Image-text web data
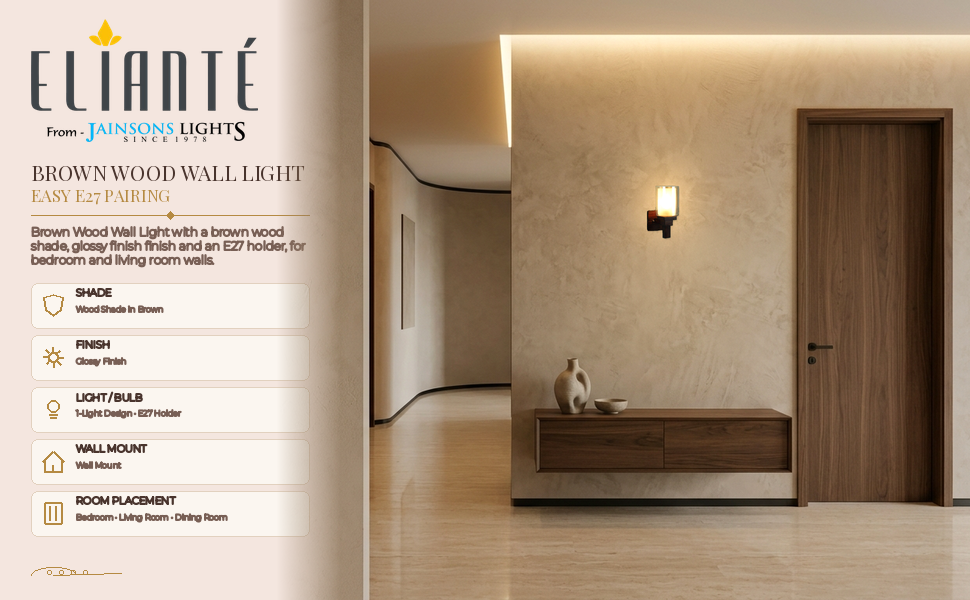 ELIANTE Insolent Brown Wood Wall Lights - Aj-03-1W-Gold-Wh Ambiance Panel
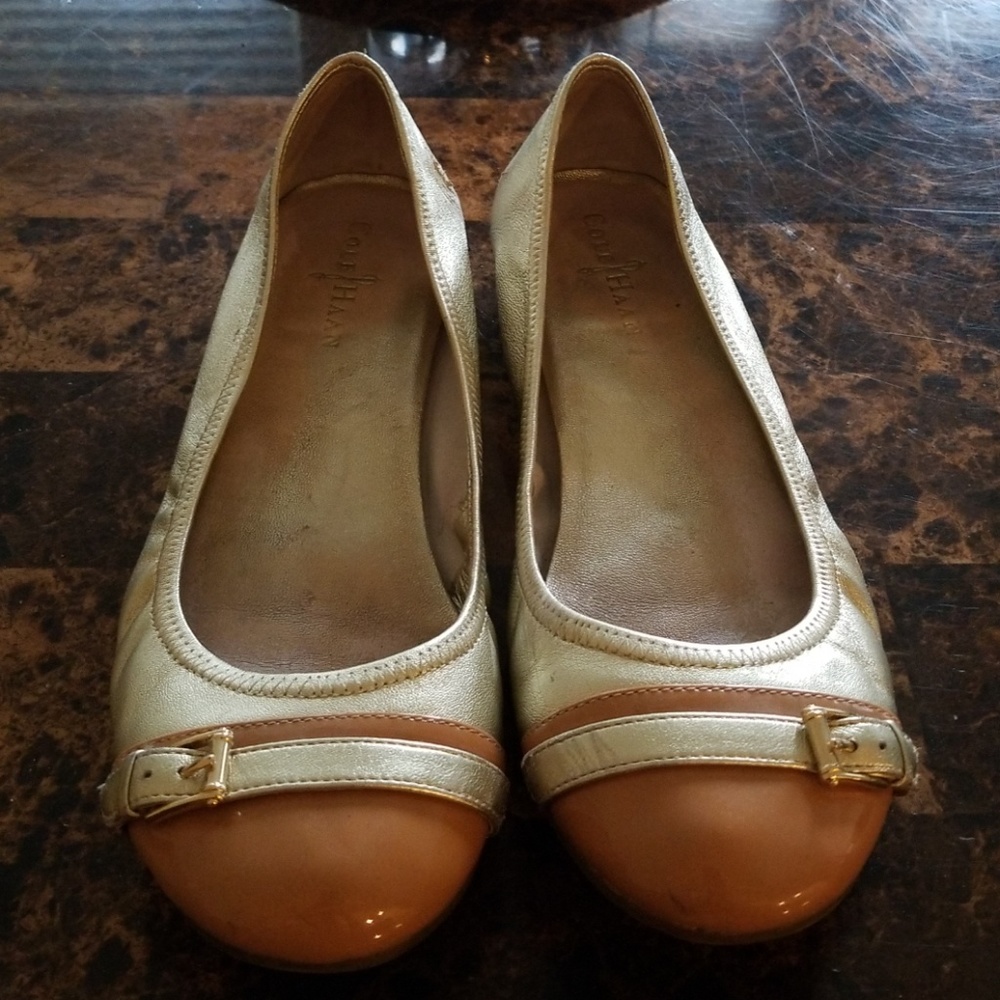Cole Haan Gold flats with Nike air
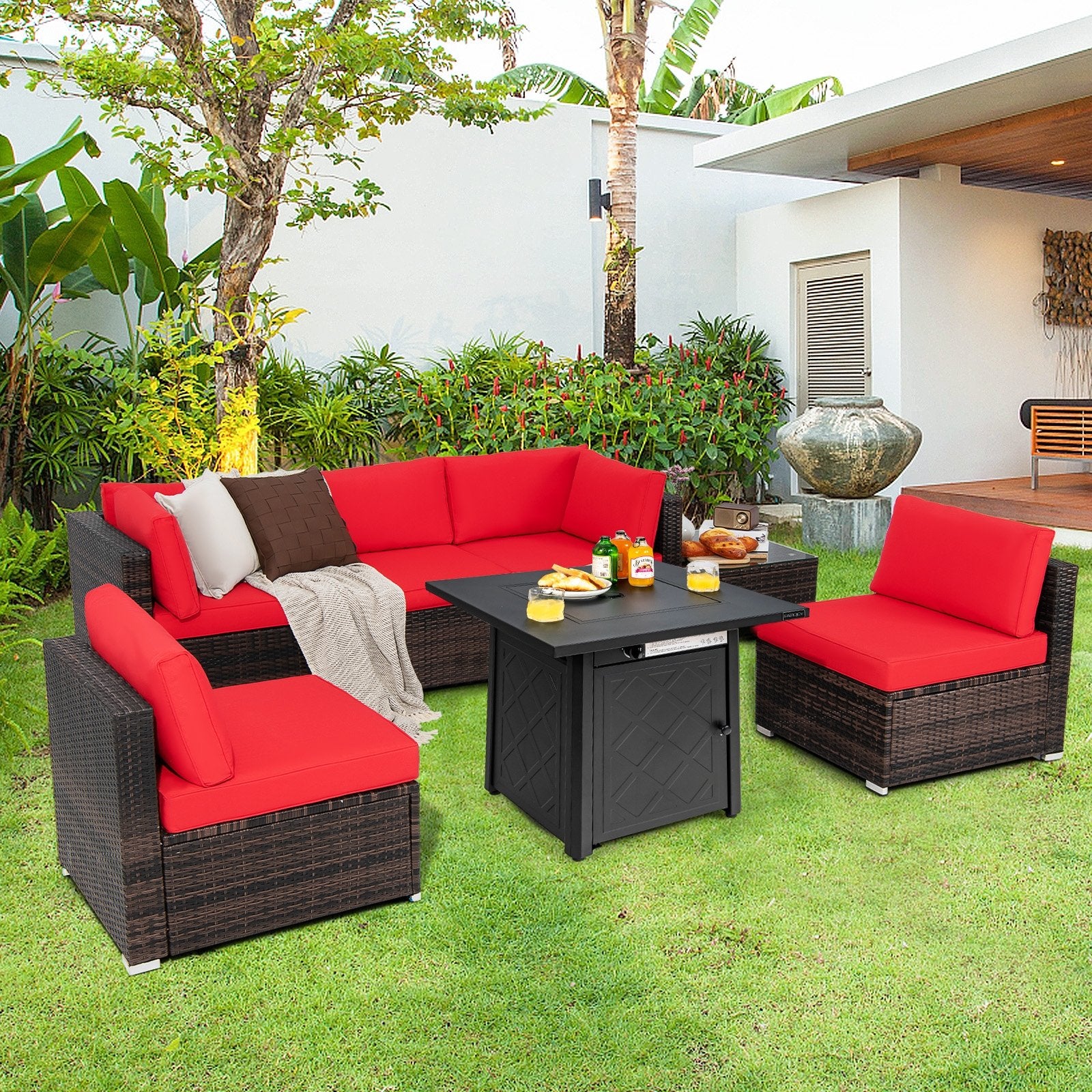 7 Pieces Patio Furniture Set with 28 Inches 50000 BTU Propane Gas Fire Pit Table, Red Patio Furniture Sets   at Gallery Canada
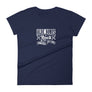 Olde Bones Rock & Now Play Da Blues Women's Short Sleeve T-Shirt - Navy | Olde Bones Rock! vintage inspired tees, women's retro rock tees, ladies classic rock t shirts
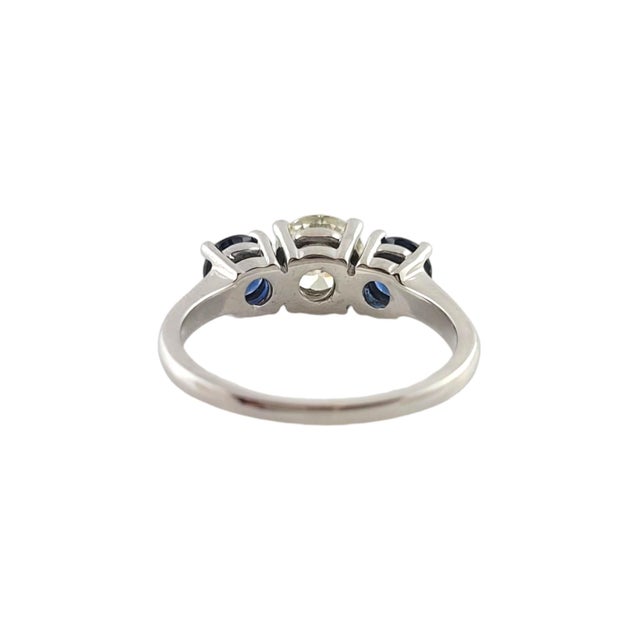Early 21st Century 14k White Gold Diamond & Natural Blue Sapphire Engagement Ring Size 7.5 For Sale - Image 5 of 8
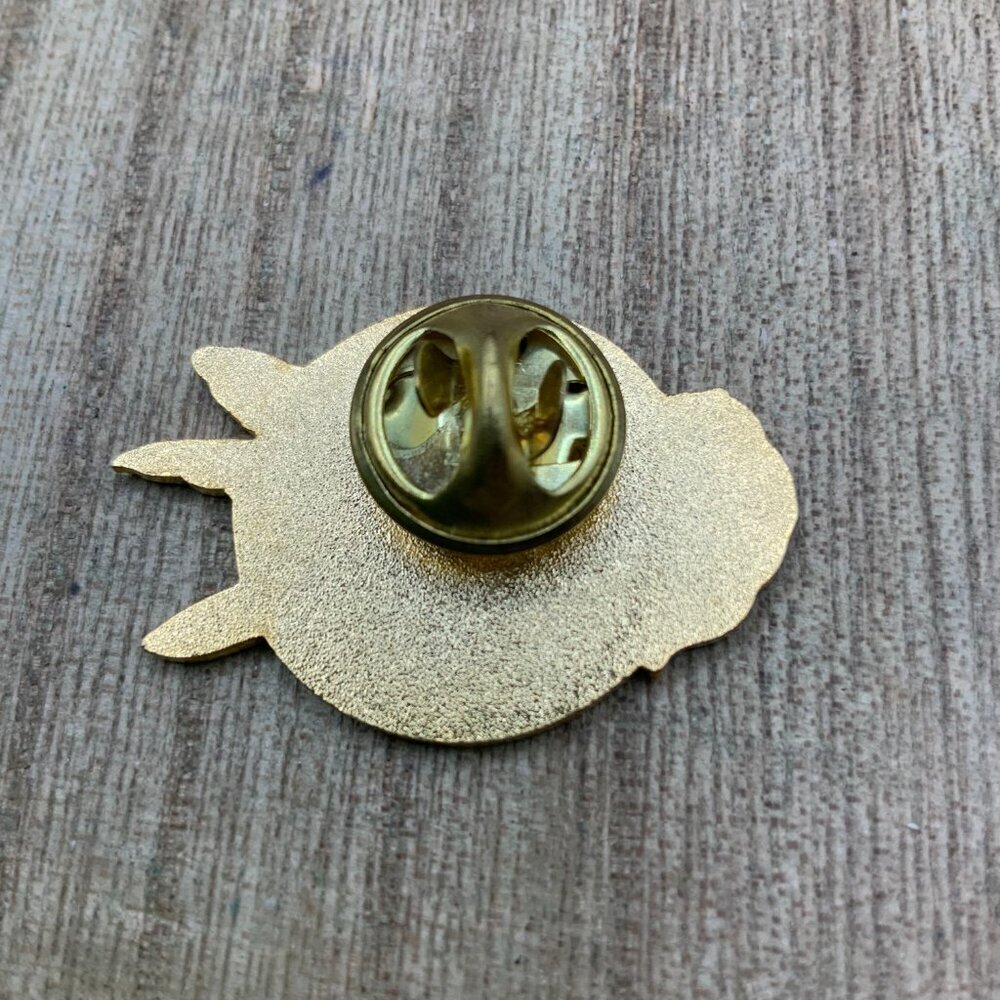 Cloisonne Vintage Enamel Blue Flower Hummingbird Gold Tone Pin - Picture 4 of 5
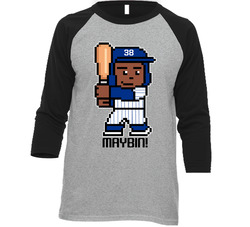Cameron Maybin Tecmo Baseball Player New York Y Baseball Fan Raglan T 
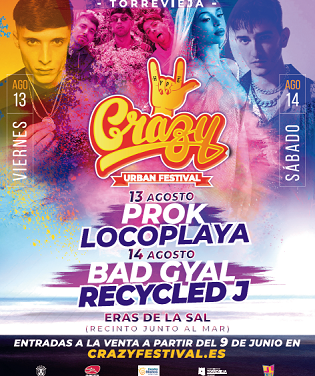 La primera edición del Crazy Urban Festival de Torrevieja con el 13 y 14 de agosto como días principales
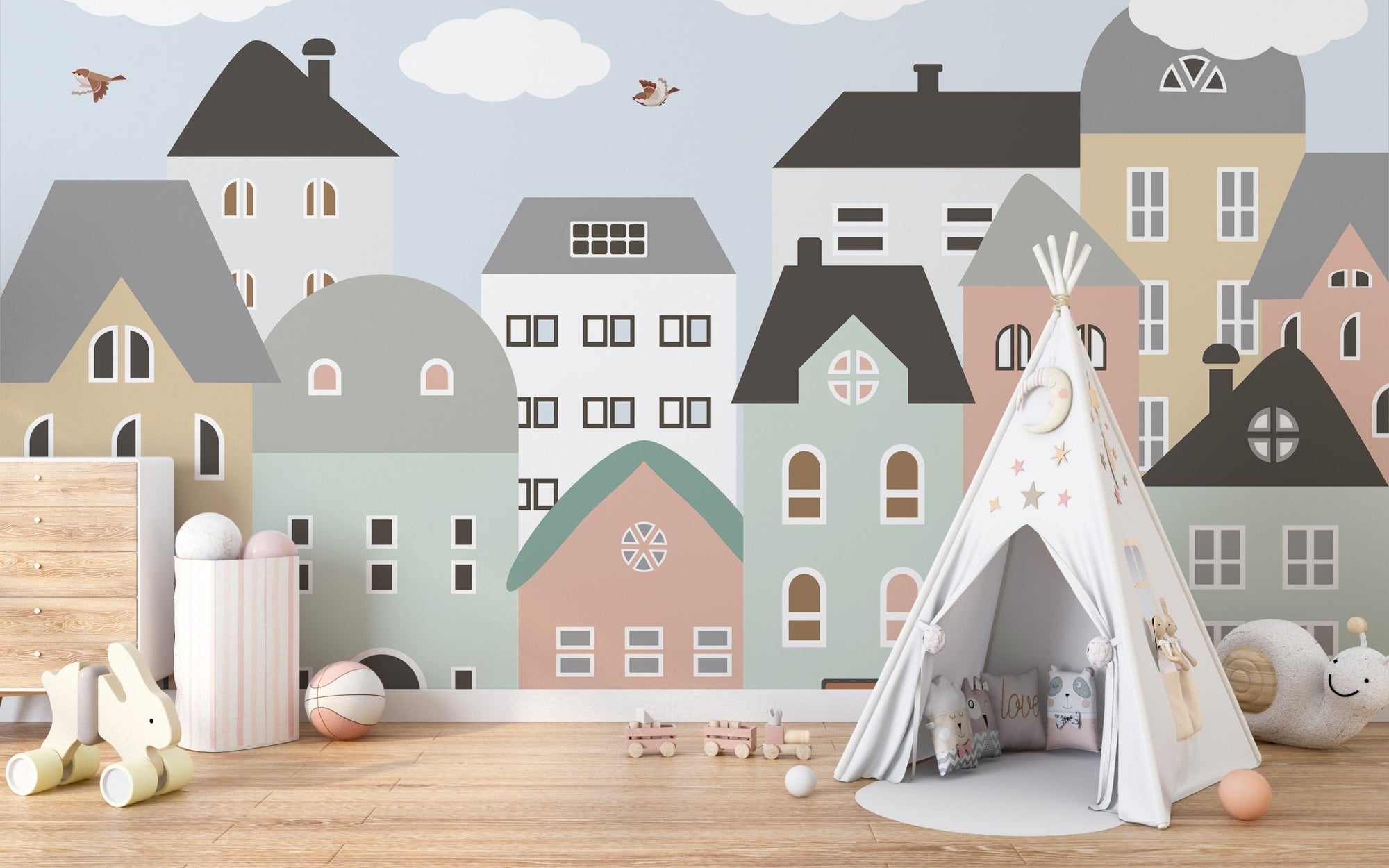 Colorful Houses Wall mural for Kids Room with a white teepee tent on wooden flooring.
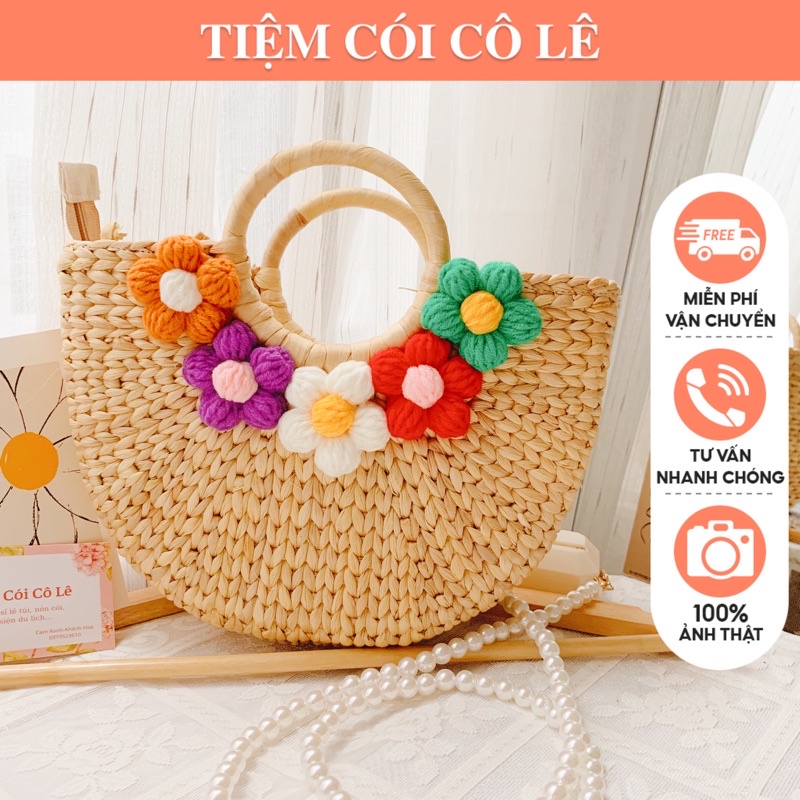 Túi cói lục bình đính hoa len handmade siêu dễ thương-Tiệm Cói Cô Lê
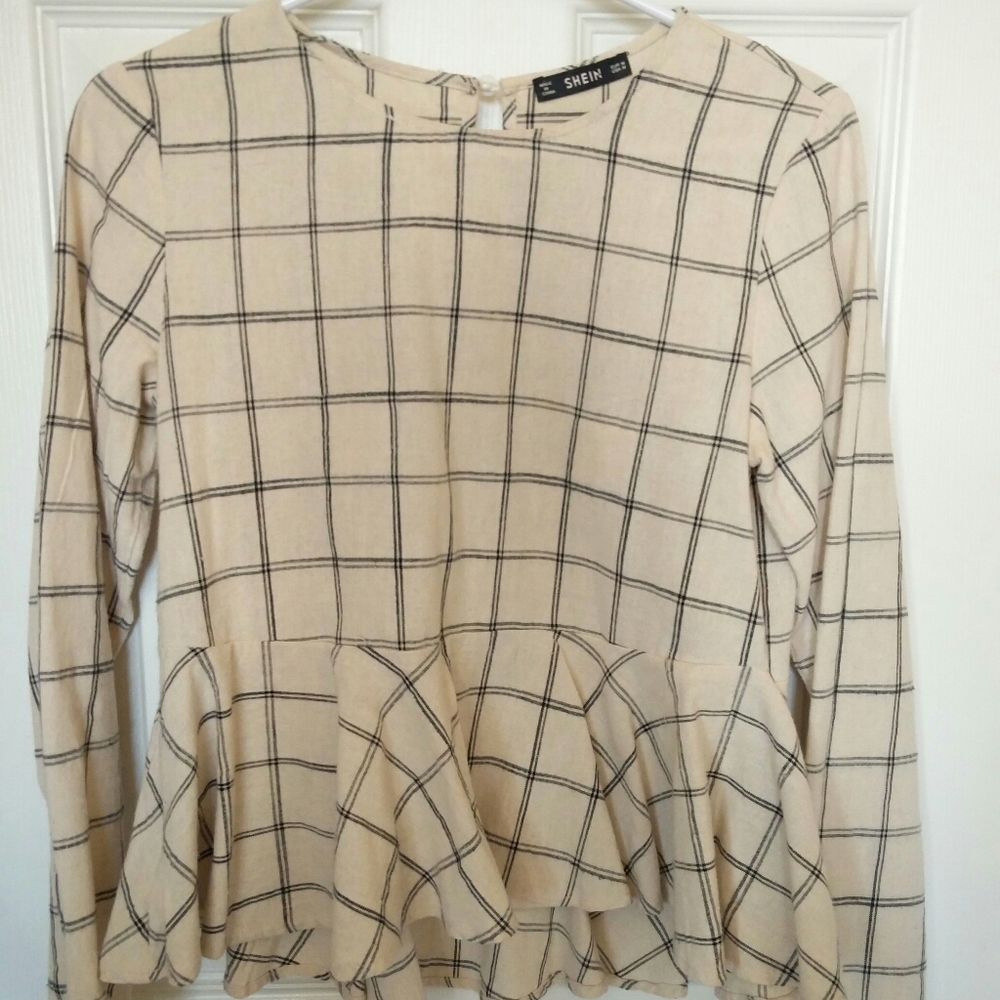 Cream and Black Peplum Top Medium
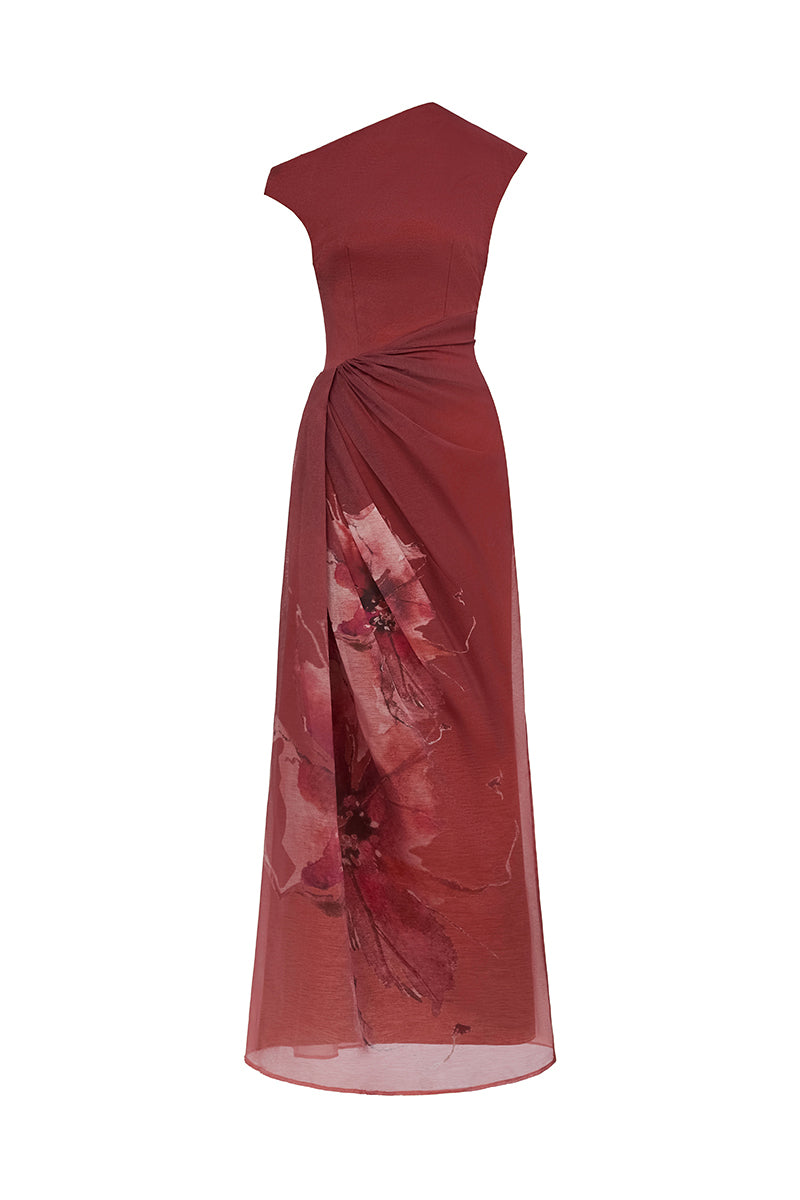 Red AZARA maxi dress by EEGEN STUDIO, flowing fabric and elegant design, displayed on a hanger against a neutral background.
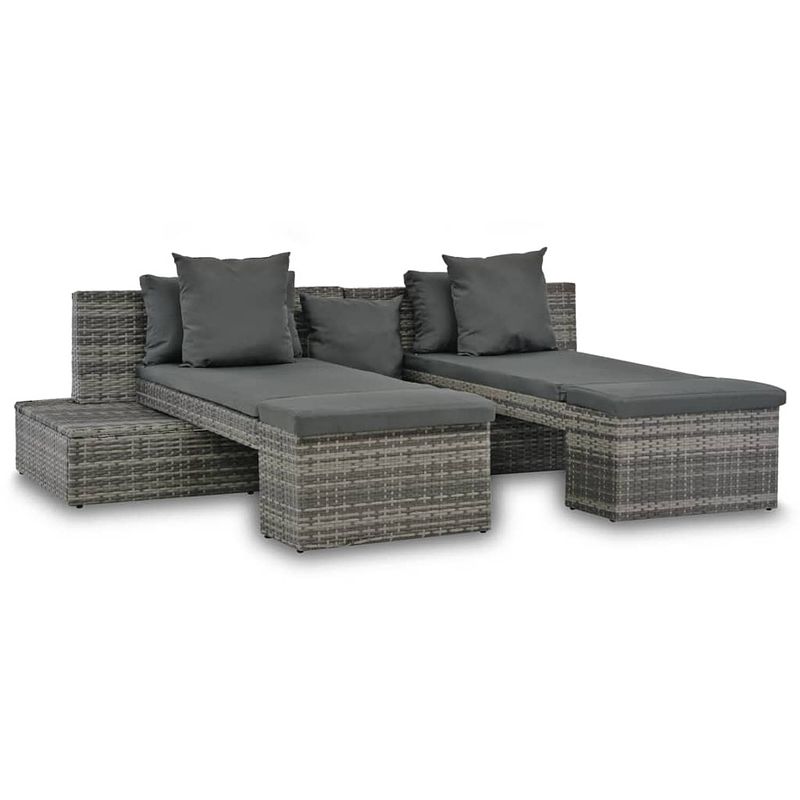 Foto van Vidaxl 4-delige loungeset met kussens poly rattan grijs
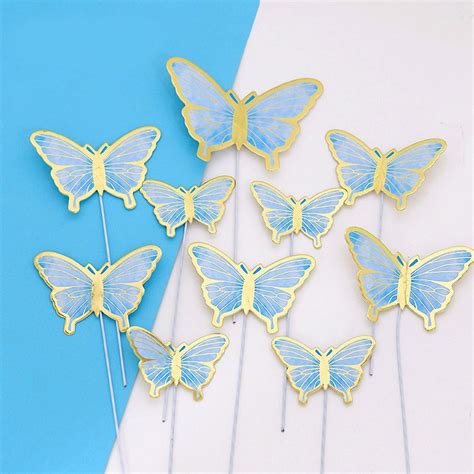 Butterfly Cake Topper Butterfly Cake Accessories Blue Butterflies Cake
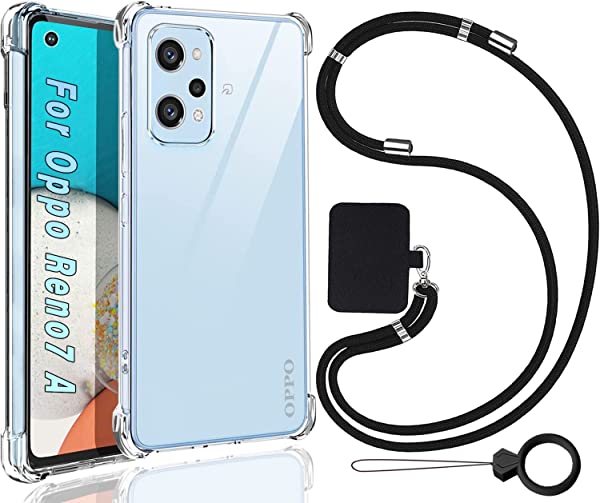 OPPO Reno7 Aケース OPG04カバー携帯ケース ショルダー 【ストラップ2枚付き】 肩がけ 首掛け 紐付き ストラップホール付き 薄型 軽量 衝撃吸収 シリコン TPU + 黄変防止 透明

TASK REQUIREMENTS: Pictures excluded, output exactly the line that contains "Cream and Black Peplum Top Medium" and every line after it to the end of the data above.

REPLY TO THE TASK:
 Cream and Black Peplum Top Medium
 Red AZARA maxi dress by EEGEN STUDIO, flowing fabric and elegant design, displayed on a hanger against a neutral background.
 Foto van Vidaxl 4-delige loungeset met kussens poly rattan grijs
 Butterfly Cake Topper Butterfly Cake Accessories Blue Butterflies Cake
 OPPO Reno7 Aケース OPG04カバー携帯ケース ショルダー 【ストラップ2枚付き】 肩がけ 首掛け 紐付き ストラップホール付き 薄型 軽量 衝撃吸収 シリコン TPU + 黄変防止 透明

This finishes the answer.